### DATASET CONTENT
◇ ◇ ◇

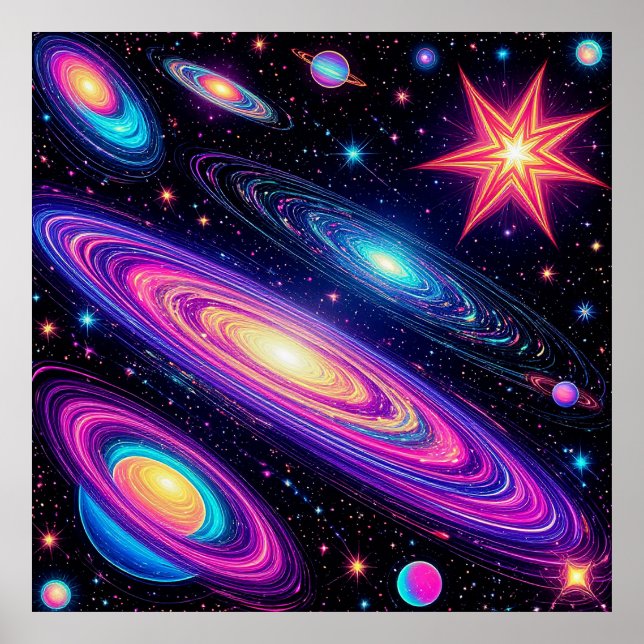 Abstract Galaxy Scene with Stars, Planets Poster (Front)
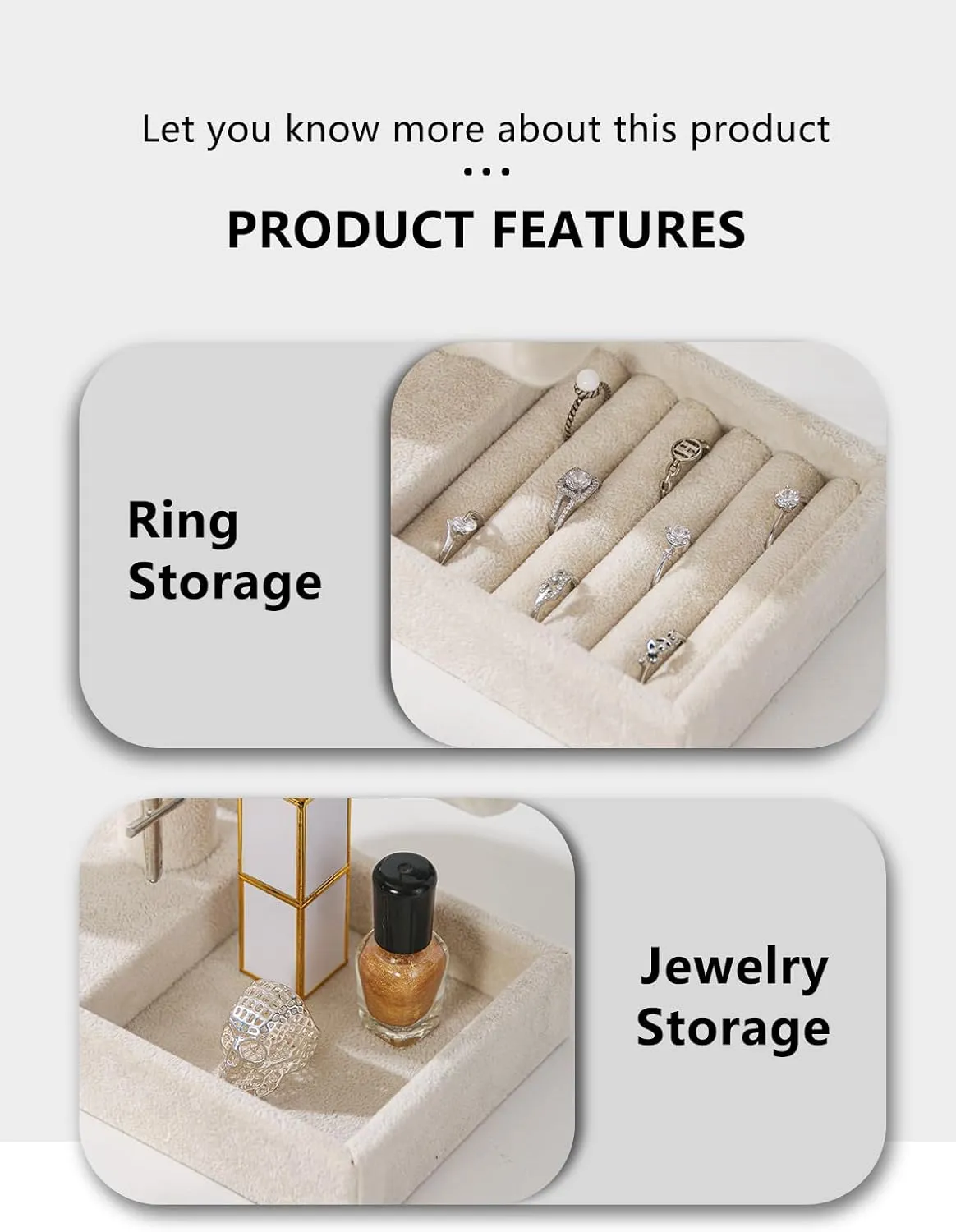 Coward 2 Tier Necklace Bracelet Holder Organizer With ring Tray, Multi-use Jewelry Display Stand For Necklace Bracelet Bangle Watch Scrunchie (Beige/no Lid)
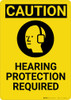 Caution: PPE Hearing Protection Required Vertical With Graphic - Wall Sign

◇ ◇ ◇

### PROBLEM TO WORK ON
Begin at the line that contains "Coward 2 Tier" and transcribe exactly, and only, each line through the final line of the data above, both included; the pictures do not go in.

### EXERCISE RESPONSE
 Coward 2 Tier Necklace Bracelet Holder Organizer With ring Tray, Multi-use Jewelry Display Stand For Necklace Bracelet Bangle Watch Scrunchie (Beige/no Lid)
 Caution: PPE Hearing Protection Required Vertical With Graphic - Wall Sign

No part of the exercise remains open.